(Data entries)
Segment Open

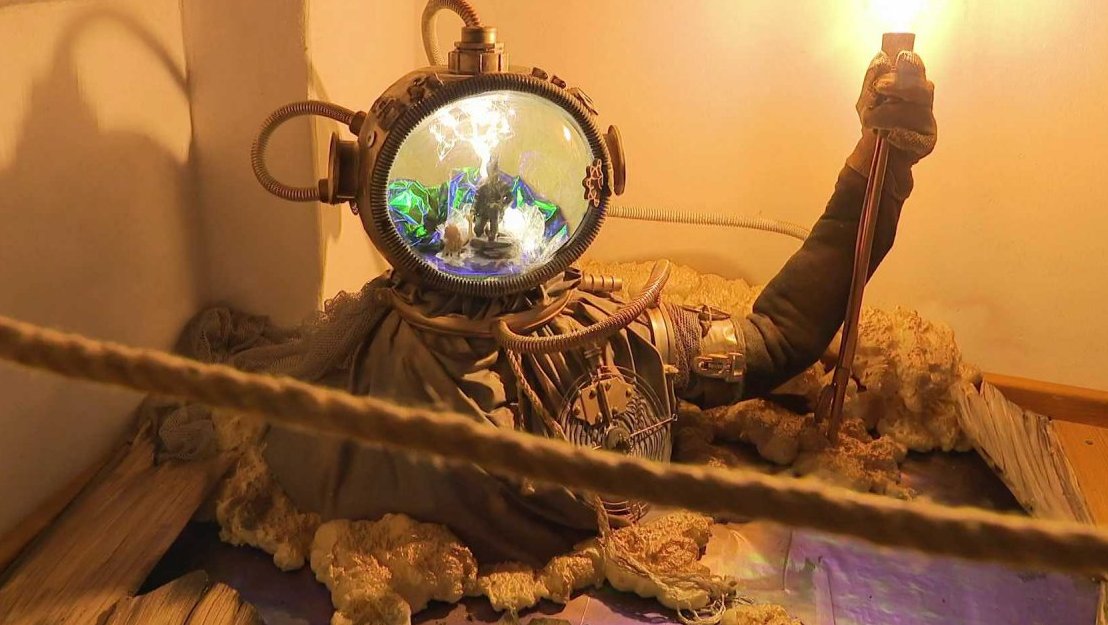 Budova Hvozdu v českokrumlovském Portu 1560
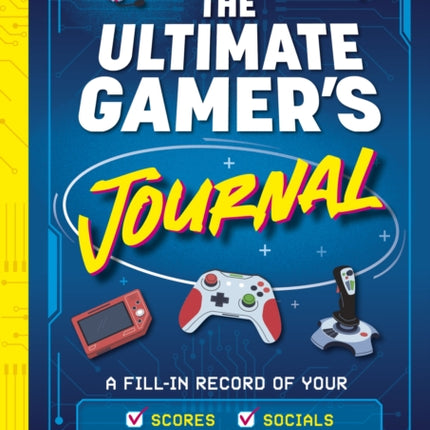 The Ultimate Gamers Journal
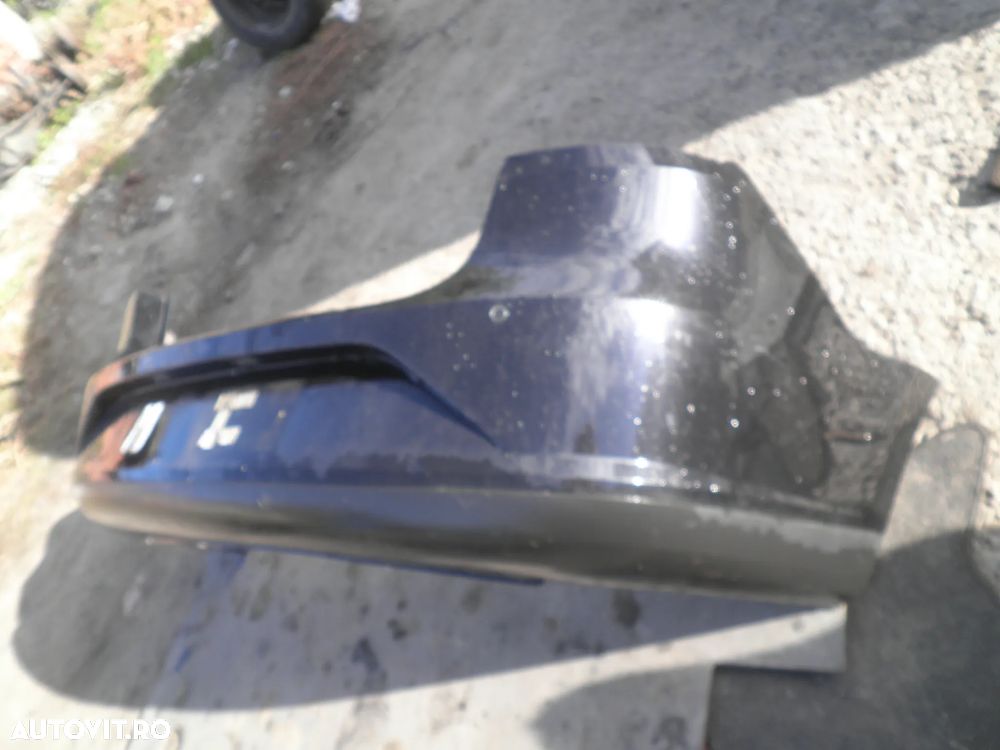 Bara spate completa cu senzori Seat Toledo 2015 - 2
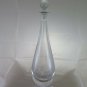 Antique Bottle for Liquor Crystal Holmegaard Crystal Bottle Denmark R36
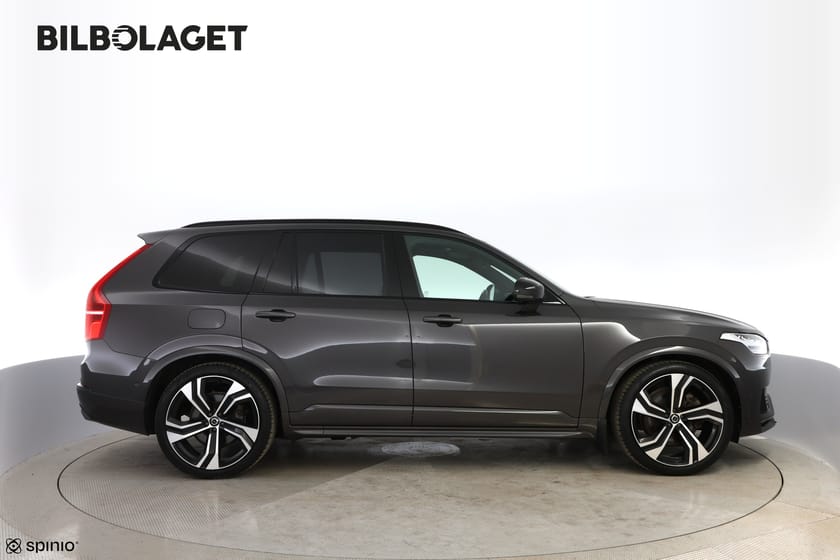 Bild 5 av Volvo XC90 7 Säten Recharge T8 Ultimate Dark Edition.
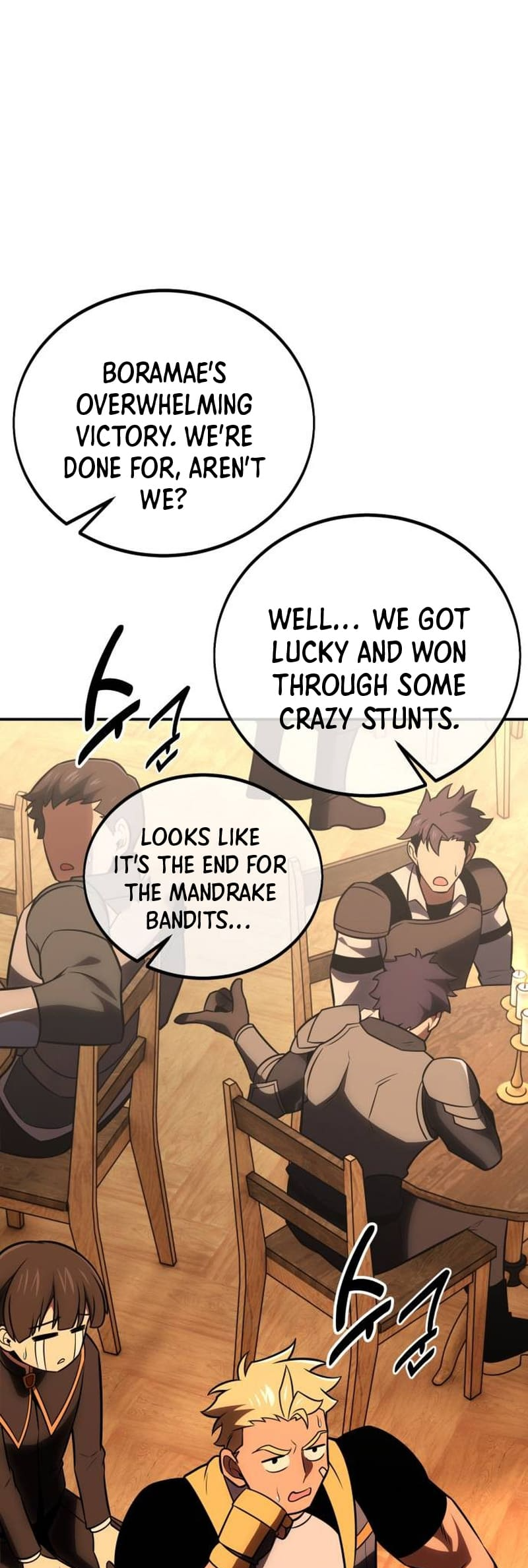 I Killed the Player of the Academy chapter 45 page 132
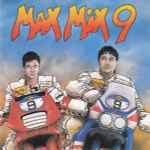 Cover of Max Mix 9, 1989, CD
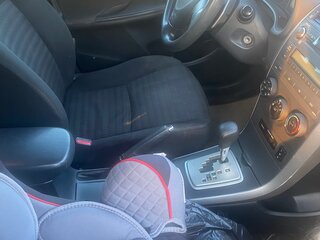 2008 Toyota Corolla X (E140, E150), голубой, 700000 рублей, вид 5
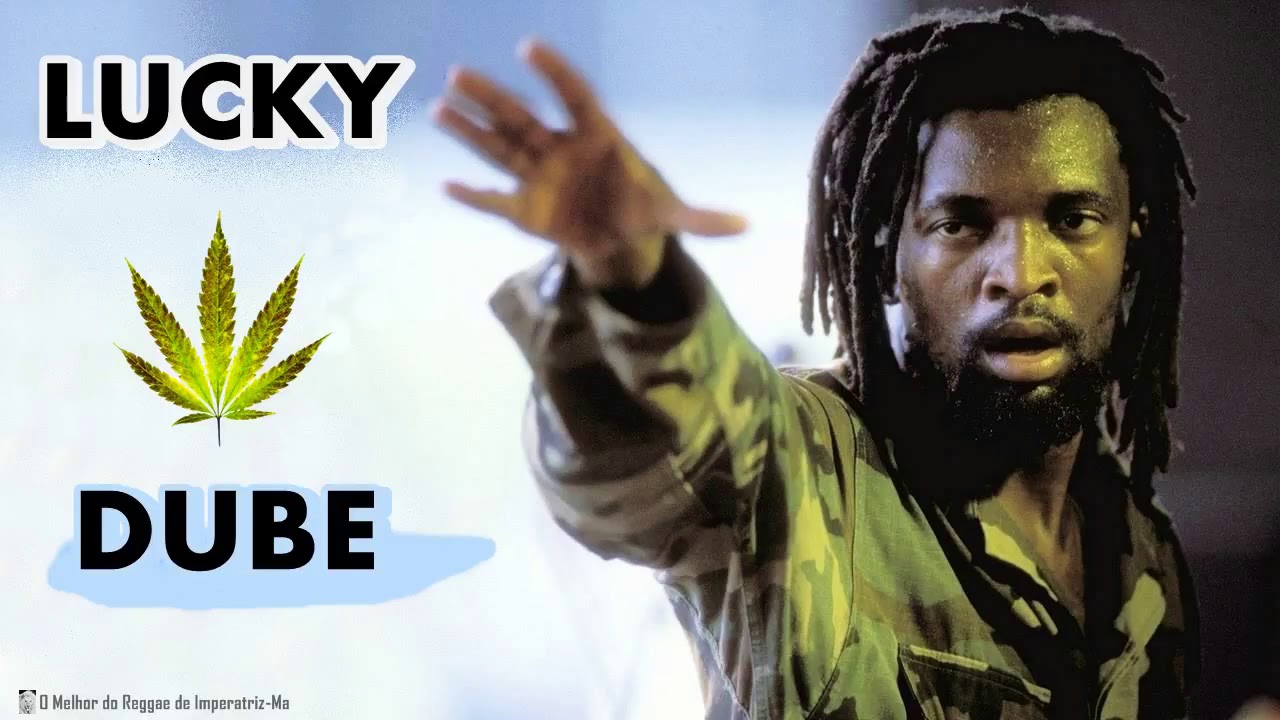 Lucky Dube   Só as Melhores CD Completo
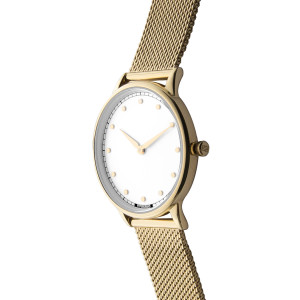 
									Hypergrand Watch Signature Petite - Rose Gold Mesh 33mm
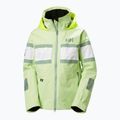 Geacă de navigație pentru femei Helly Hansen Salt Original washed lime 10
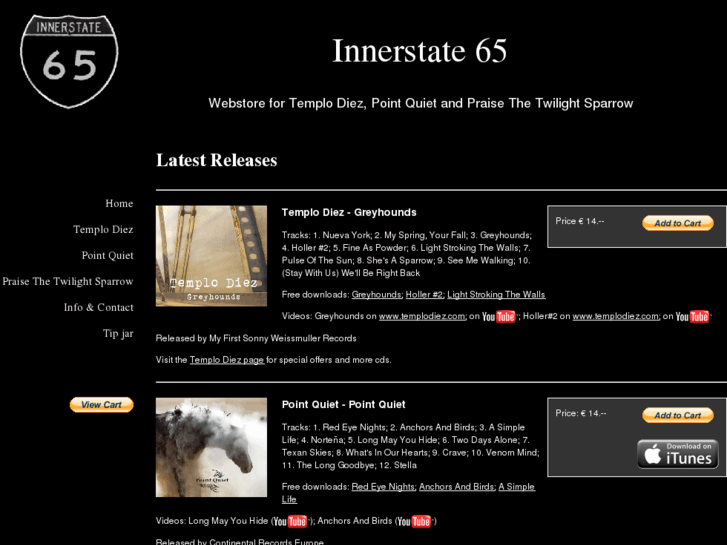 www.innerstate65.nl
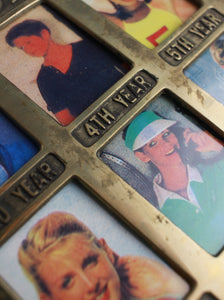 Brass School Days Frame | Whit's Vintage Picks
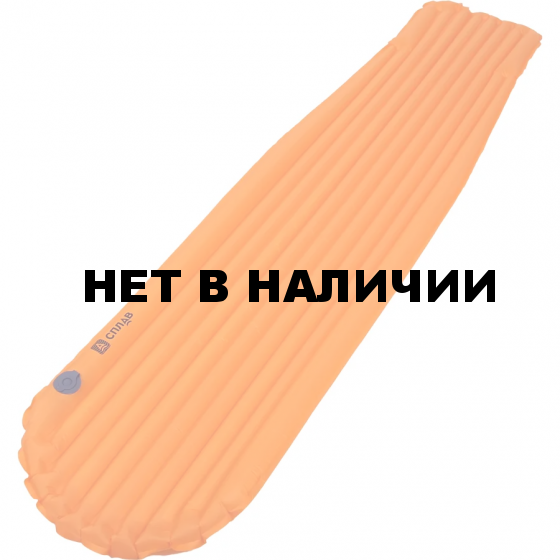 Коврик туристический надувной утепленный HiLight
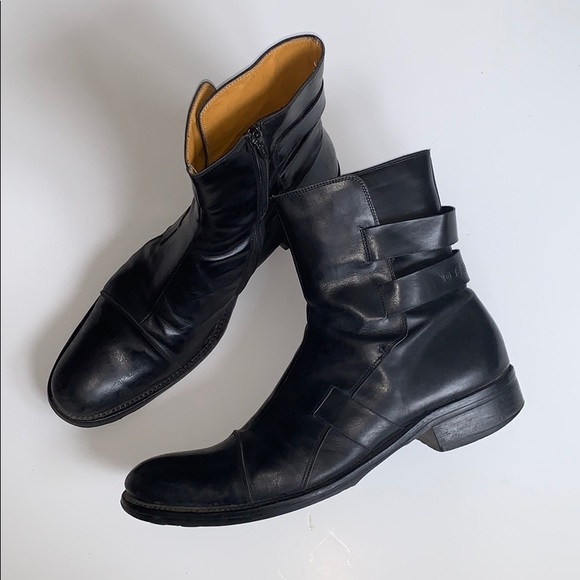 Boots by Debut Italian handmade brand - Picture 2 of 14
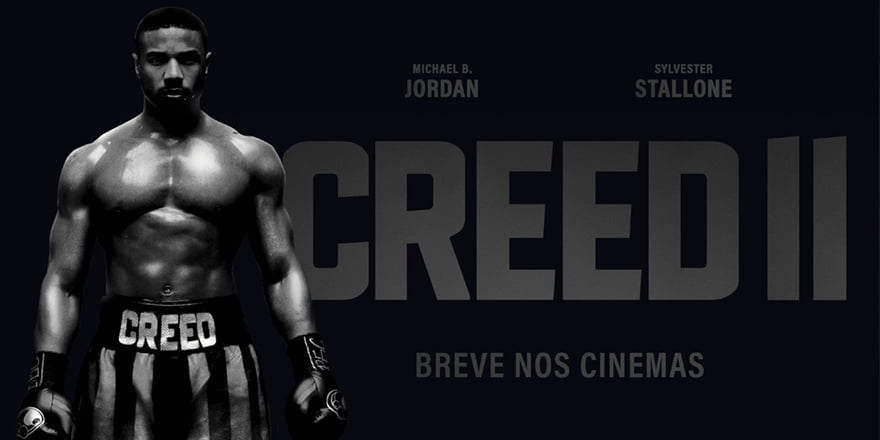 Creed 2 – Novas imagens do filme são divulgadas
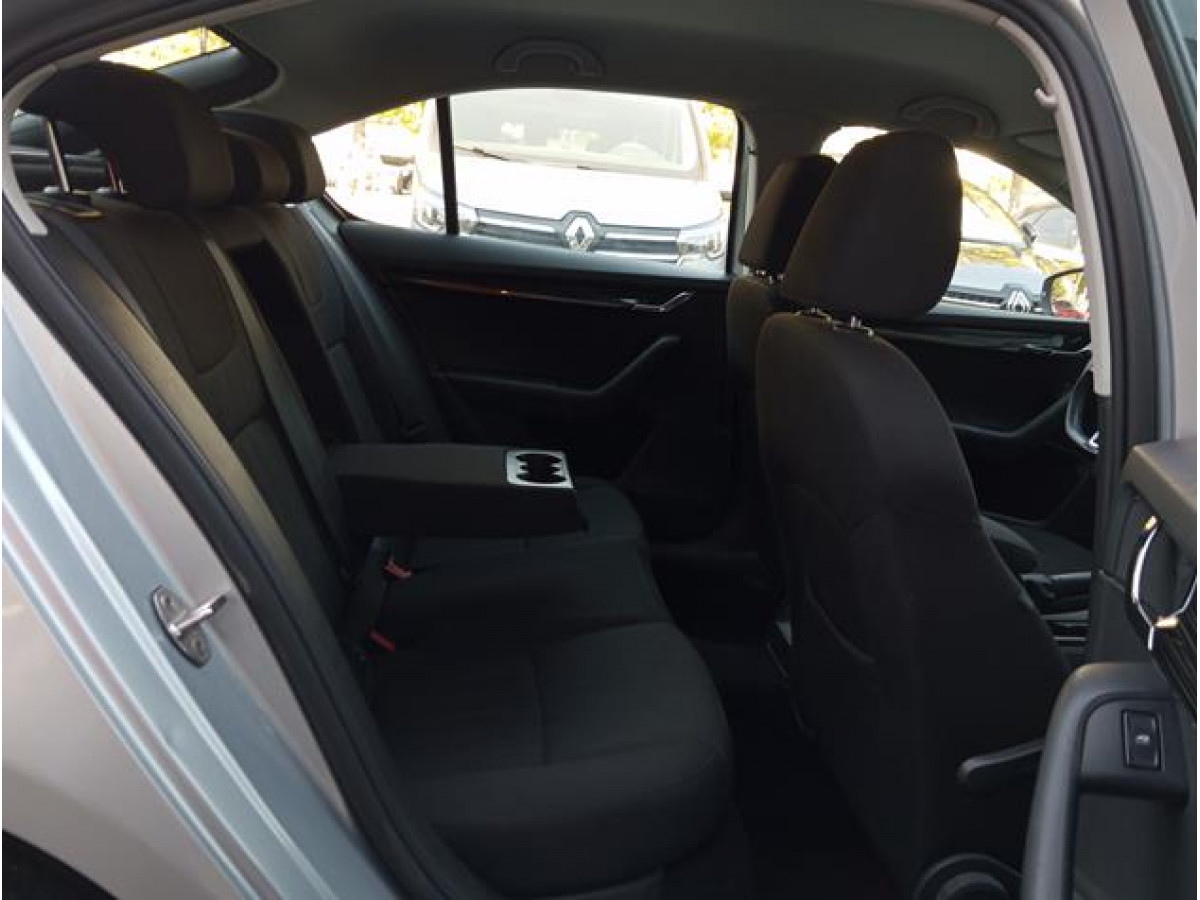 Škoda Octavia 2.0tdi Style DSG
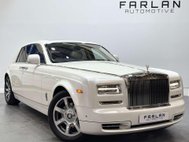 Rolls-Royce Phantom 6.7 V12 Saloon 4dr Petrol Auto Euro 5 (453 bhp) 1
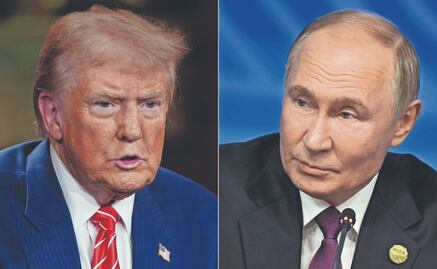 Rusia afirma que necesita "tiempo" frente al ultimátum de EU; Trump le dio 50 días para frenar la ofensiva en Ucrania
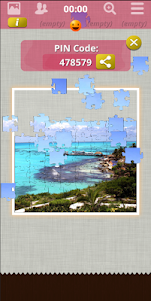 Multiplayer Jigsaw Cooperative 1.2.3G screenshot 2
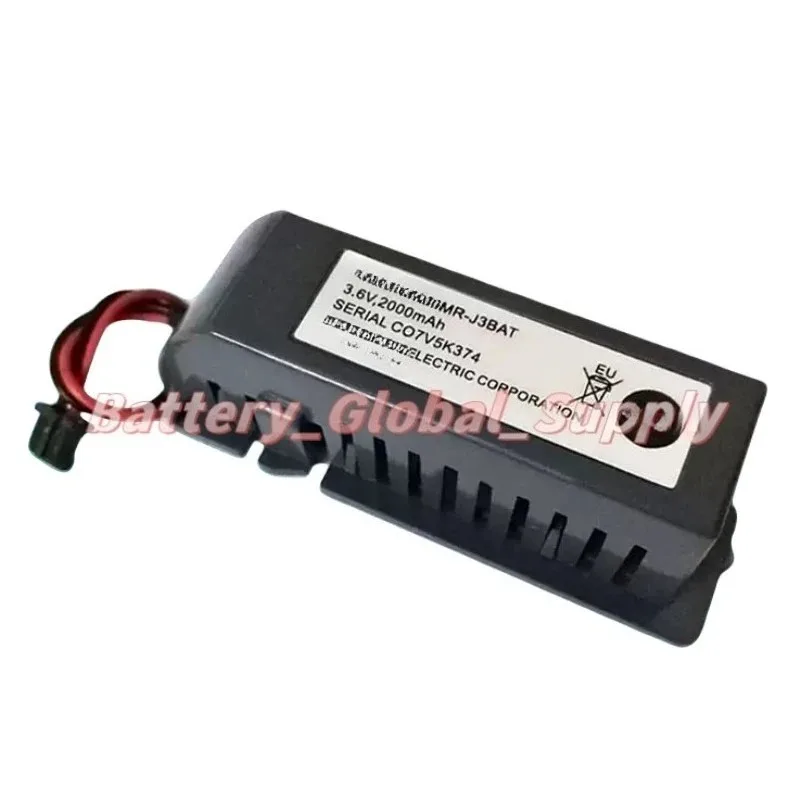 MR-J3BAT Servo Battery MR-J3 Hair Rod M70 System 3.6V ER6VC119A/B 1 piece
MR-J3BAT Servo Battery MR-J3 Hair Rod M70 System 3.6V ER6VC119A/B 1 piece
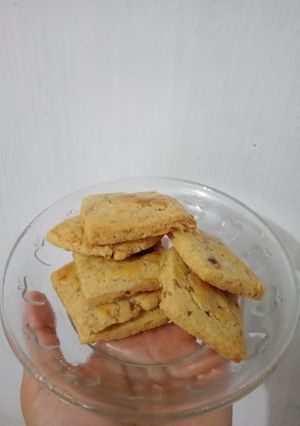 Foto resep Energen Kurma Cookies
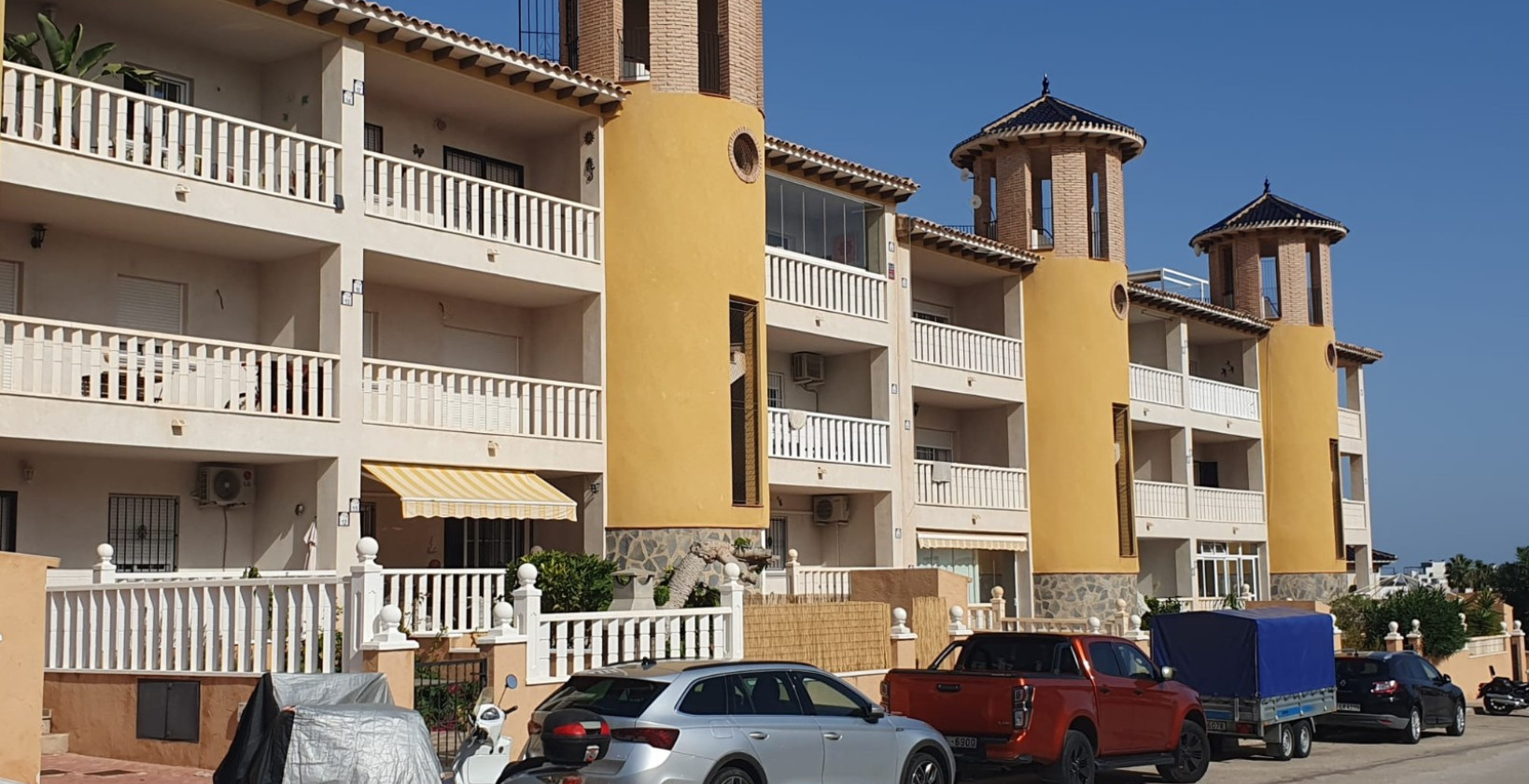 Reventa - Apartamento / piso - Orihuela Costa - Lomas de Cabo Roig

Segment Closed

- _Aim of the exercise_
Going by the data above, give back only the lines from the one containing "Bara spate completa" through the one containing "2008 Toyota Corolla", exactly as they stand, both ends included and no images.

- _Reply to the exercise_
 Bara spate completa cu senzori Seat Toledo 2015 - 2
 Antique Bottle for Liquor Crystal Holmegaard Crystal Bottle Denmark R36
 Bild 5 av Volvo XC90 7 Säten Recharge T8 Ultimate Dark Edition.
 I Killed the Player of the Academy chapter 45 page 132
 Cover of Max Mix 9, 1989, CD
 2008 Toyota Corolla X (E140, E150), голубой, 700000 рублей, вид 5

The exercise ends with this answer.